▶ _RECORDS SUPPLIED_
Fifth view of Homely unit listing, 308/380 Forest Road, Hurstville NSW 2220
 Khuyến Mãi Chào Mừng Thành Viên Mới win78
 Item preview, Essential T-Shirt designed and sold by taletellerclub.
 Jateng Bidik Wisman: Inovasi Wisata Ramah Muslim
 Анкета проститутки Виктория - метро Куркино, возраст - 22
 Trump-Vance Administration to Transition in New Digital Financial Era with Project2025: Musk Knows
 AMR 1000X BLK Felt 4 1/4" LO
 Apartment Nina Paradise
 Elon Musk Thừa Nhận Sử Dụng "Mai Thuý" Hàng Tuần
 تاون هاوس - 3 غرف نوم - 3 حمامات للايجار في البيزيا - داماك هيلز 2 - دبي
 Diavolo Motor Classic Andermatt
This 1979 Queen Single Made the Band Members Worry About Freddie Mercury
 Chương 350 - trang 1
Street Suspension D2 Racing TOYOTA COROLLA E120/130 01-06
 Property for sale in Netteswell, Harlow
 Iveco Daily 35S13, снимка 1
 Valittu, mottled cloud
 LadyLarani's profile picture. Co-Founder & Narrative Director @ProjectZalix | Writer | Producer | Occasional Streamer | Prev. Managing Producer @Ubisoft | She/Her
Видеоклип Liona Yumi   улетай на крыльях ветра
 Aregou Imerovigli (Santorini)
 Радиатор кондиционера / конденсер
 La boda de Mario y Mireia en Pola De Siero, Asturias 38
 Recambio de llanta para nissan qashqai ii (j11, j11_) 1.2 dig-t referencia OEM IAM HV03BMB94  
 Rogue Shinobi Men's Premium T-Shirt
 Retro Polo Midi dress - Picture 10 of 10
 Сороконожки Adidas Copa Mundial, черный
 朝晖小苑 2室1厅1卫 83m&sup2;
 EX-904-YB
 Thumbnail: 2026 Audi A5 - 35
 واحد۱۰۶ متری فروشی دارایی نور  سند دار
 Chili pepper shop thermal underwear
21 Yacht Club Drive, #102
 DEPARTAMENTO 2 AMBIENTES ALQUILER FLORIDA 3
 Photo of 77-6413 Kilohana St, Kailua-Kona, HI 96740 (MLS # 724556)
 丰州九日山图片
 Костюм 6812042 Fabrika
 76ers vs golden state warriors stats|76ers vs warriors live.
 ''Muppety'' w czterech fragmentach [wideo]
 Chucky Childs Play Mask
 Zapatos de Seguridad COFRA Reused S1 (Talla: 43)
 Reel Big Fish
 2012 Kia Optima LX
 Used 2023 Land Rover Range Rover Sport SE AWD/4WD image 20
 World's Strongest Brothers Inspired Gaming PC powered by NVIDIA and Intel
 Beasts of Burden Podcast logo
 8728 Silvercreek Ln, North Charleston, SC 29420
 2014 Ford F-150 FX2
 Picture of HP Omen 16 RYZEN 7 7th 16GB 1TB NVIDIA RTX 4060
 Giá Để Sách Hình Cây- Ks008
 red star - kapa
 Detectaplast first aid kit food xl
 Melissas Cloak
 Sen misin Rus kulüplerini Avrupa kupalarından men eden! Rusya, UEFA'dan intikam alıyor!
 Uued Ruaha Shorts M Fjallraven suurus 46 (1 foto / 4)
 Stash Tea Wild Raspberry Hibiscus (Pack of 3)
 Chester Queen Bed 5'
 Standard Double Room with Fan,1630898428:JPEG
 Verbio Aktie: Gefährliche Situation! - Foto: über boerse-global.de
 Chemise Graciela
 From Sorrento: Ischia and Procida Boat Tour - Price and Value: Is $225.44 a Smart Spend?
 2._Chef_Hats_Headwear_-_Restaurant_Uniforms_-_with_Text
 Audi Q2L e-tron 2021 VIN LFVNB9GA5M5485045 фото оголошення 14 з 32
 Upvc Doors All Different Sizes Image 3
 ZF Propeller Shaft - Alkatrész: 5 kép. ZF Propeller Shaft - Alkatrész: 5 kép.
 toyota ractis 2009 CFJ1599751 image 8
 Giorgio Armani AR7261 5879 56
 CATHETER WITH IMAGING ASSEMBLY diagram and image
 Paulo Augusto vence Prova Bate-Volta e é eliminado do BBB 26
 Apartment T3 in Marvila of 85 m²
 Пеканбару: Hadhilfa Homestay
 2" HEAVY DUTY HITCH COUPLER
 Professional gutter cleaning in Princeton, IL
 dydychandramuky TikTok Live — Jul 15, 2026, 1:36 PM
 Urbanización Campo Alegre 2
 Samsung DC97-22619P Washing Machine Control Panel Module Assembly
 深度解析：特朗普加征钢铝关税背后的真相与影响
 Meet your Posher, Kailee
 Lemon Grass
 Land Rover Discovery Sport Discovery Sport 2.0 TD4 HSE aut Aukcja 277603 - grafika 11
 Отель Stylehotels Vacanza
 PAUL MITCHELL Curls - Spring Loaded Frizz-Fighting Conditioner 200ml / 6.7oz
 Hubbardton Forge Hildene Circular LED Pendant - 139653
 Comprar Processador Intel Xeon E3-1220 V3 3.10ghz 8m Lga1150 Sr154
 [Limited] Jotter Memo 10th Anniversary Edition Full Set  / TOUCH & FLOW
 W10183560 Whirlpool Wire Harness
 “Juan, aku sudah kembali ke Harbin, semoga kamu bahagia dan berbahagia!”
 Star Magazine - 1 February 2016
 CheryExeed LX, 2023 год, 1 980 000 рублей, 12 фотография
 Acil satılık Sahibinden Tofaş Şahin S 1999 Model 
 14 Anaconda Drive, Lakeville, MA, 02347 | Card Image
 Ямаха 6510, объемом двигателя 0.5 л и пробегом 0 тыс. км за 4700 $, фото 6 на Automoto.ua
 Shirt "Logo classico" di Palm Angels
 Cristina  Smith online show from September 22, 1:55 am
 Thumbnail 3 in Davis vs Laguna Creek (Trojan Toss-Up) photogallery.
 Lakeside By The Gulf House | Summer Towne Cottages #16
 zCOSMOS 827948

▶ _TASK BRIEF_
The word "NVIDIA" may appear in lines of the entries. State how many lines hold it, as a number alone.

▶ _EXERCISE RESULT_
2